INFORMATION SUPPLIED:
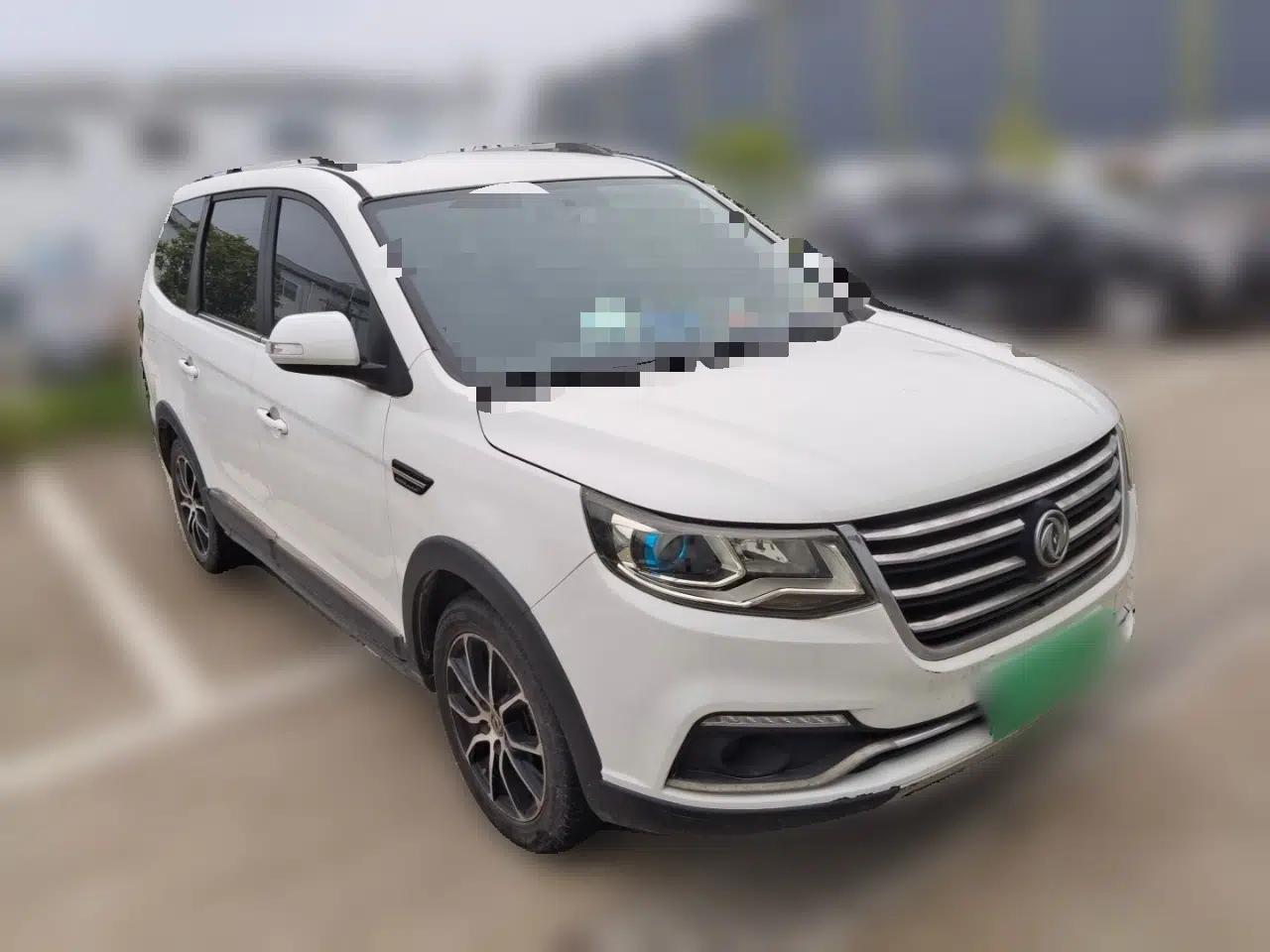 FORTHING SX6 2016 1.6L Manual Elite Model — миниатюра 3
--
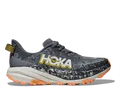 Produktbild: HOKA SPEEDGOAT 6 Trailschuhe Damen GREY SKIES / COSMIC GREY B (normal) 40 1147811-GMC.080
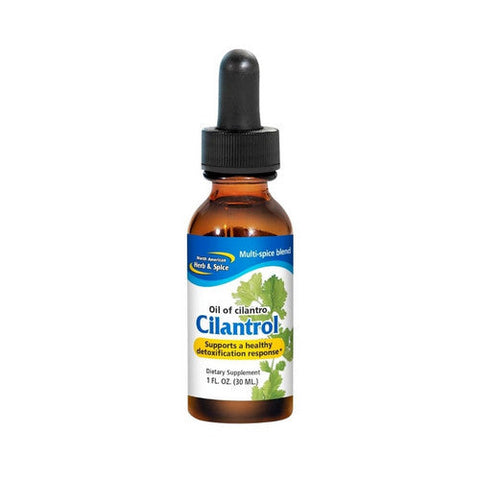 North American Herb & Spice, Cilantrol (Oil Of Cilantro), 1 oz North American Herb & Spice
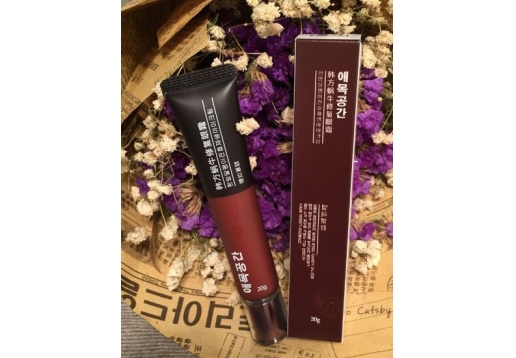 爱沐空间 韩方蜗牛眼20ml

EXERCISE INSTRUCTIONS: Take the material above from the line bearing "Produktbild: HOKA SPEEDGOAT" through the line bearing "爱沐空间 韩方蜗牛眼20ml" and write it out exactly, both end lines included. Pictures stay out.

OUTPUT:
 Produktbild: HOKA SPEEDGOAT 6 Trailschuhe Damen GREY SKIES / COSMIC GREY B (normal) 40 1147811-GMC.080
 North American Herb & Spice, Cilantrol (Oil Of Cilantro), 1 oz North American Herb & Spice
 爱沐空间 韩方蜗牛眼20ml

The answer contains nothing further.